What you have to do - A single figure is required: the number of lines below that contain "Home".

Dataset -
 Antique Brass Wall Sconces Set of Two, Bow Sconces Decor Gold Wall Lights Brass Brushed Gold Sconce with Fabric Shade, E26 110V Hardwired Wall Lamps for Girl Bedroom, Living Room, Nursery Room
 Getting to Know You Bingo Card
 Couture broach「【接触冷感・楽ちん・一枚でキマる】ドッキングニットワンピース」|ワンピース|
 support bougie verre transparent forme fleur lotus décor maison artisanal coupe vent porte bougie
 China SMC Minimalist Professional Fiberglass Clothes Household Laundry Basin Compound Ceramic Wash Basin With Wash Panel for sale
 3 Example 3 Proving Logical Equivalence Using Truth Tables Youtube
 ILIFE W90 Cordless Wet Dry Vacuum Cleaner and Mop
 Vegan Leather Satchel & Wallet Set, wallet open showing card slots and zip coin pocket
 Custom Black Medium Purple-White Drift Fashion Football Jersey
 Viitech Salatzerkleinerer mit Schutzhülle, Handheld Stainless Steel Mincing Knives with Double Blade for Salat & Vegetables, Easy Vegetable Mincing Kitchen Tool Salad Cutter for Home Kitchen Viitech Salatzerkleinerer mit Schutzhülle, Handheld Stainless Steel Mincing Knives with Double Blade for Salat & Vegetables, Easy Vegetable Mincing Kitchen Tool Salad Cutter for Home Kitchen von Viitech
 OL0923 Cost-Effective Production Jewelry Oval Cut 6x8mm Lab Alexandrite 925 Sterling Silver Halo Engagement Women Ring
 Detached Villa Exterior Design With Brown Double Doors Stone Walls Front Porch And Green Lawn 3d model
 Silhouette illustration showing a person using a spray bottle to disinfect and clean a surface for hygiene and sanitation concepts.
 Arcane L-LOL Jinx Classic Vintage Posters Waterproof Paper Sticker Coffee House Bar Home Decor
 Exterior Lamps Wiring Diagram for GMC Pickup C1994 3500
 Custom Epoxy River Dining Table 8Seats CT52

Response - 2